Homeless people living on the streets of London have been accused of littering and urinating in the street. Some rough sleepers have reportedly set up small tents near busy tourist locations in the centre of the city, and some images claim to show several men putting squashing flower beds and one urinating in the street. One man told MailOnline that asylum seekers have been sleeping on the steps outside Westminster Cathedral.
He said: "There were dozens of them sleeping there when I was walking around at 7am this morning. They were sleeping on cardboard and dirty mattresses - some had little tents. At 8am, some grumpy looking security arrived to move them away. The migrants dumped their bedding in the flower beds and left. They have been coming back every night - nobody seems able to stop them.
"Some of them were urinating in public against walls. It's not nice for local people or the cathedral. This is Easter weekend, there are constant services going on, it's not right."
There are currently around 187,000 homeless people in London, including people sleeping rough and those living in temporary accommodation provided by the council.

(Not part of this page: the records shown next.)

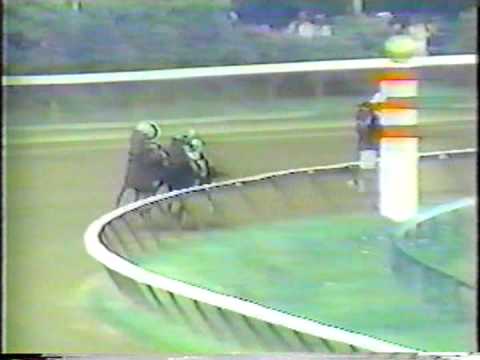 Slew o' Gold - 1984 Whitney Handicap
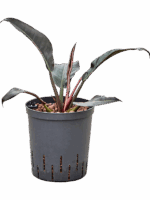 Philodendron Imperial Red D 18 H 40 cm - PlantenShop24 - 25-06-2025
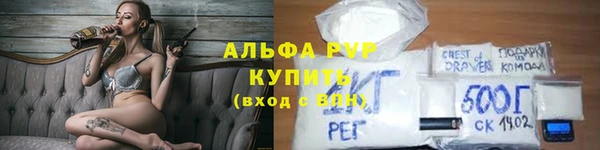 тгк Бородино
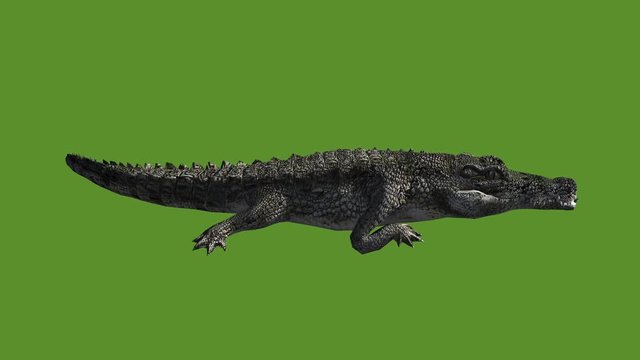 Crocodile open mouth attack hunting eating,Dangerous animals.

There were 11,993 rough sleepers spotted on London’s streets between April 2023 and March 2024, according to Combined Homeless and Information Network research.
This marked a 19% increase on the previous year’s total and a 58% increase on the figure a decade ago.

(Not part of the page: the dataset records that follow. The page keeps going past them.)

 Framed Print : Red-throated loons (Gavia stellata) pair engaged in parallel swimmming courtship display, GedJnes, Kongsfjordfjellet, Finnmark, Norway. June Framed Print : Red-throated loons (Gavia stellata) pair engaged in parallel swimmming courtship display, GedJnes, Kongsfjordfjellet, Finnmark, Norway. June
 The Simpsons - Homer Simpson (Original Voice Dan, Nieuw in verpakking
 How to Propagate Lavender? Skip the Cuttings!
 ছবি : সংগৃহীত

This comes after the Express exclusively revealed that around 50 people – mainly from Eritrea – were sleeping rough on the steps of Westminster Cathedral. Witnesses said the number grew over the last three months - from "five to ten" to dozens.
Security officers wake them up and move them on each morning before services, but the migrants move their belongings to a nearby tree and move them back later in the day.
Robert Bates, of the Centre for Migration Control, said: "The rot caused by the failure of our immigration system strikes at the very heart of this country.
"These photos show that, far from assimilation, open borders have admitted large numbers of people who neither know, nor care, about the heritage of this country.
"On this holiest of weekends, the fact they are literally on the doorsteps of a Christian place of worship is all too apt a metaphor for the soft touch that this country has become."